I think the assembler should allow the LONG directive to accept a value with #, meaning "put this actual value here, not the address of the value" (an example of "put the address of the value" is the line "ptr long myvar" in the code above). And obviously there should be an error if # is used with a value that can only be used as an address (so "ptr long #myvar" in the above code would generate an error because myvar is a memory location, not a literal value that's known at compile time).
I expect the same problem to happen if you use one of the other directives (can BYTE or WORD even be used? I haven't tried).
I also filed an issue about this on the PropGCC google code site but I'm not sure if that's the right location (after all this is an Assembler problem), and I thought it might be a good idea to explain the problem here a little further.
Thanks!
===Jac
Comments
In general the fewer things you put in inline assembly, the better.
Eric
The code I'm working on contains a patch table, containing a number of values which would be an array of structs if it was written in C. The table describes which instructions in the rest of the code need to be modified and how, before they are executed. The selection of the correct structs from the table is done by using a mode parameter, and I iterate through the values by comparing that parameter with a constant value in the table.
So basically if I would have the option of programming self-modifying code in C it would look something like this:
So, the table contains literal values (represented as enums) combined with cog addresses that refer to code in the inline assembly. The addresses of the assembly code aren't available to the C compiler of course, so I can't move the table into the C part of the program. I also can't rewrite the code in C or C++ because the timing is too constrained.
I know there are other ways to implement this but I think this is something that should be possible, right?
For now, I worked around it by declaring the mode values as preprocessor macros instead of enums, and I insert them in the code using the stringize operator of the preprocessor. It's ugly and I'm not sure yet if it works, but I'm working on it.
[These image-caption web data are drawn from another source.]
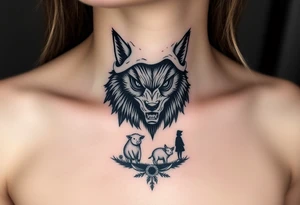 Scary Big bad wolf nursery rhyme wearing a sheep costume with sheep head as hood and eat the three little pigs and little red riding hood in the woods tattoo idea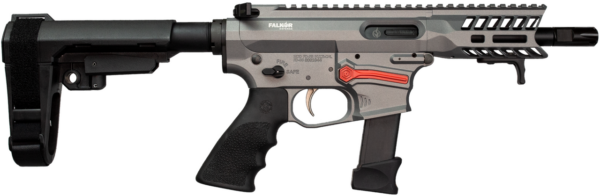Falkor FG-9 AR-15 Pistol, 9mm, Grey, SBA3 Brace, Glock 17 Type Magazine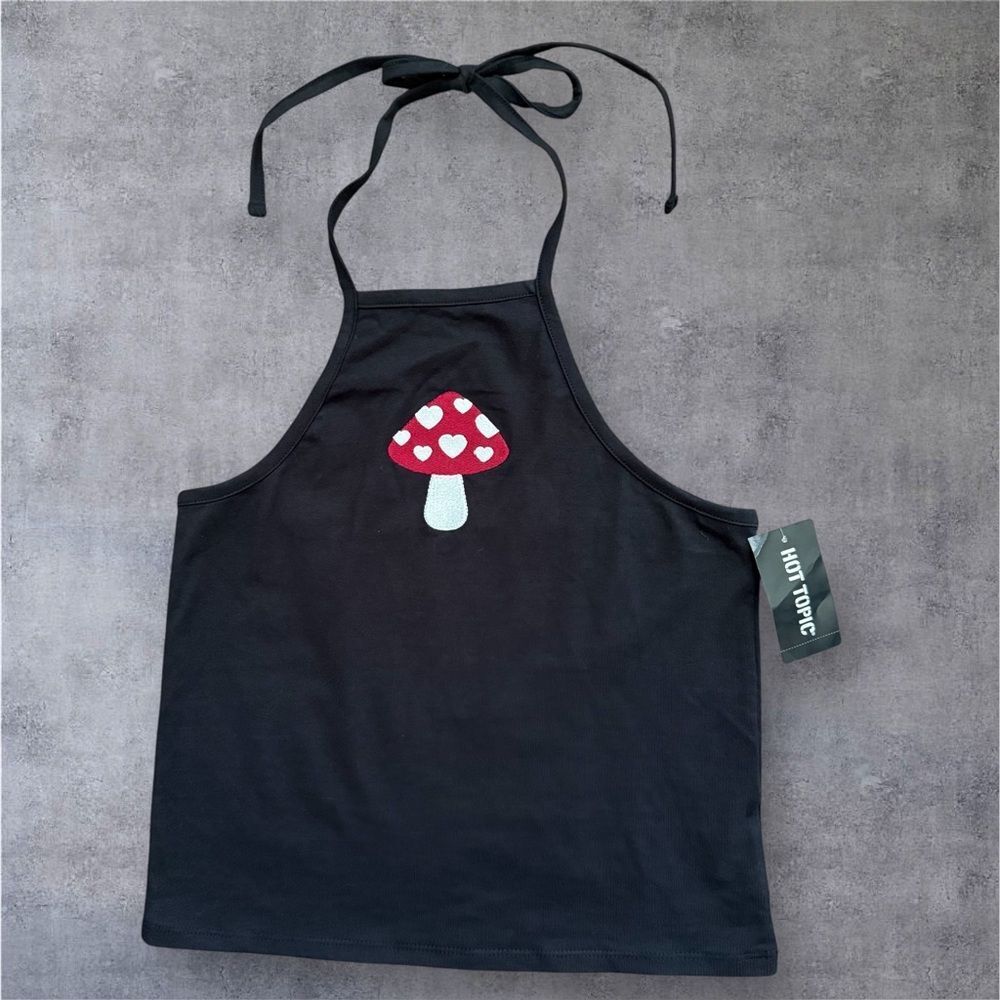 Hot Topic Mushroom Heart Halter Crop Tank Top Black Juniors Small NWT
I did some digging in the binutils code, and it looks like the "LONG" directive is handled by a different part of `gas` than the regular opcodes, so I understand that it would be difficult to implement my initial proposal. Maybe a new pseudo-opcode needs to be added?
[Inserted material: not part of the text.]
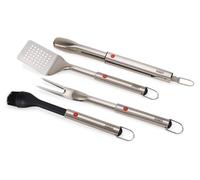Joseph Joseph GrillOut Set de 4 Ustensiles BBQ en Acier Inoxydable avec Boîte de Rangement, Brosse, Pinces, Spatule & Fourchette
If you can tell me in which binutils source file the LONG directive is handled, I may be able to post a patch. I'm not familiar with the binutils code but I'll be happy to do some more digging to make this work.
===Jac
(PS the code in this post and the previous one aren't tested; I'm not trying to hide things, just making them easier to read. The entire module is several hundreds of lines of inline assembly and will be on github soon).